Sedangkan kenaikan upah bagi pekerja yang masa kerjanya sudah di atas 1 tahun, ujarnya, harus ditetapkan sesuai dengan hasil kerja, produktivitas, dan kemampuan perusahaan. Dengan demikian, menurut dia, kenaikan upah pada pekerja dengan masa kerja di atas satu tahun akan lebih signifikan.
Tetapi, ia mengatakan pemerintah tak mengatur atau tidak memiliki regulasi dalam penetapan upah bagi pekerja dengan masa kerja di atas 1 tahun.
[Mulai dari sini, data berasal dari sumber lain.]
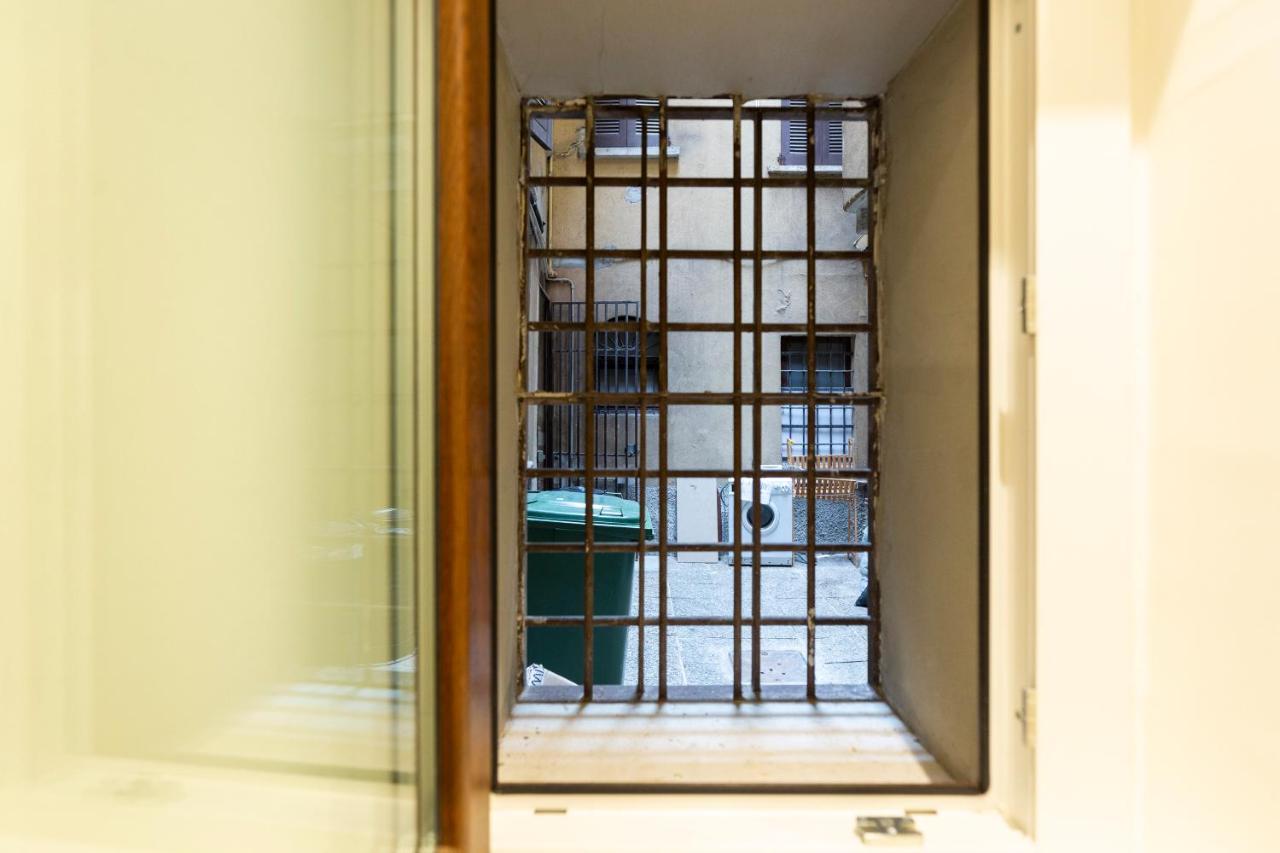 Domus Ticinese Apartment Milan Luaran gambar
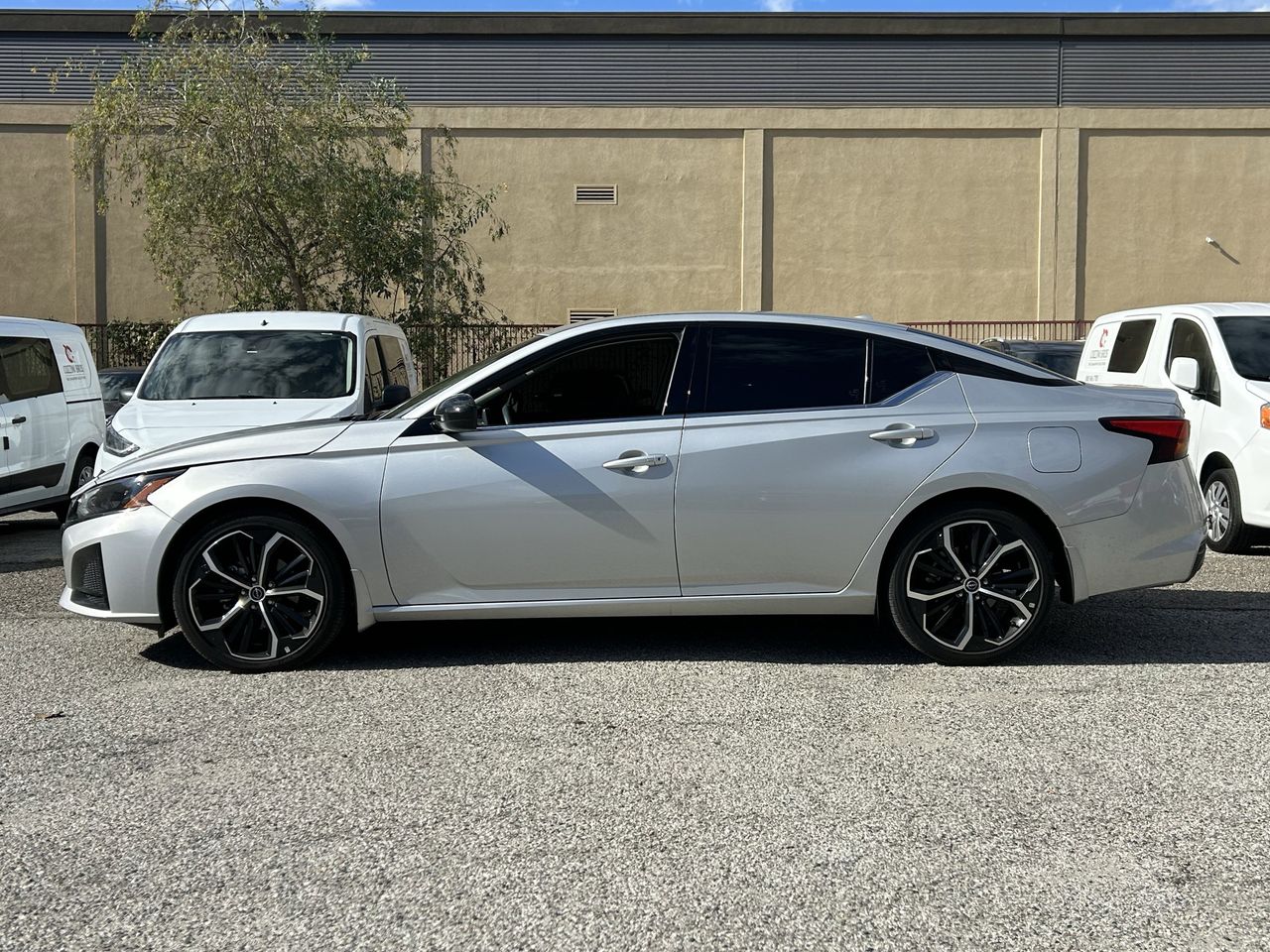 2024 Nissan Altima 2.5 SR photo 3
Keputusan ini, ucap Indah, dirundingkan secara tripatrit yakni bersama pihak perusahaan dan setrikat pekerja atau buruh.
Kendati demikian, formula yang ditetapkan pemerintah dinilai dapat membuat upah riil menurun. Direktur Institut for Demographic and Poverty Studies Yusuf Wibisono menilai bilangan alfa seharusnya bisa semakin tinggi jika suatu industri bersifat padat karya. Tetapi, kenaikannya rendah karena terhambat pada patokan rentang alfa 0,1-0,3 yang ditetapkan pemerintah.
Walhasil, menurutnya, kenaikan UMP akan selalu konservatif. Ia berpendapat, seharusnya rentang alfa yang adil bagi pekerja dan dunia usaha adalah 0,4-0,7.